ACTION ITEM:
In the entries below, find the line with "Stokke Flexi Bath" and the line with "Muffins de Lavanda - foto 2". Return those two lines and all lines between them, exactly.

DATA PROVIDED:
BEGIN

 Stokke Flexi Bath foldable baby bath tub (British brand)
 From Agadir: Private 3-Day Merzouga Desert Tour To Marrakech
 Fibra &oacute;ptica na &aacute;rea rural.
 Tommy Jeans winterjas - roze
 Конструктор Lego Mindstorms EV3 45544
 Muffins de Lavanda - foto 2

END
BEGIN

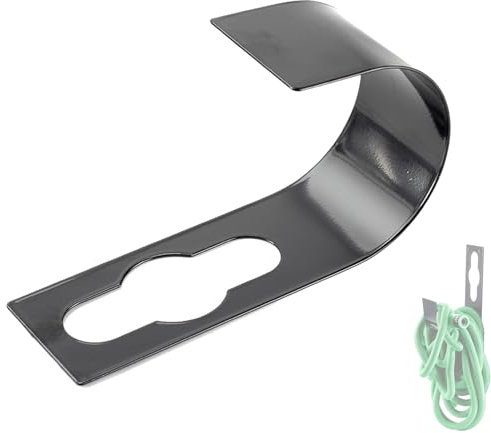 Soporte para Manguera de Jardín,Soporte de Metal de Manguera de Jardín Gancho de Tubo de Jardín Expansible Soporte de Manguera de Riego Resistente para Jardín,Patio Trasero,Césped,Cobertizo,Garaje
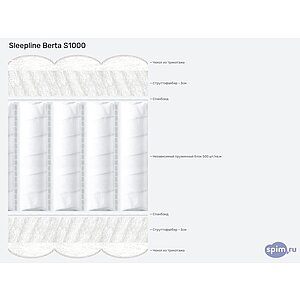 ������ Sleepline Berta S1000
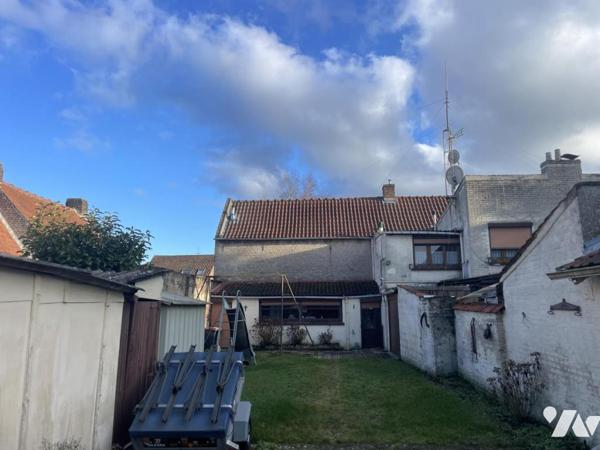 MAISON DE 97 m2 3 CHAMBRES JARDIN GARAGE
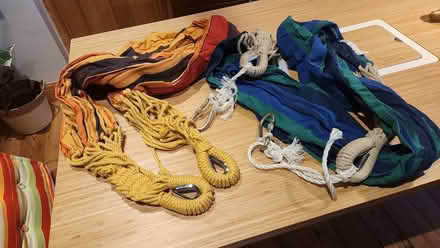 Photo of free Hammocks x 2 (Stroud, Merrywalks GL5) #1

END

EXPECTED ANSWER:
 Stokke Flexi Bath foldable baby bath tub (British brand)
 From Agadir: Private 3-Day Merzouga Desert Tour To Marrakech
 Fibra &oacute;ptica na &aacute;rea rural.
 Tommy Jeans winterjas - roze
 Конструктор Lego Mindstorms EV3 45544
 Muffins de Lavanda - foto 2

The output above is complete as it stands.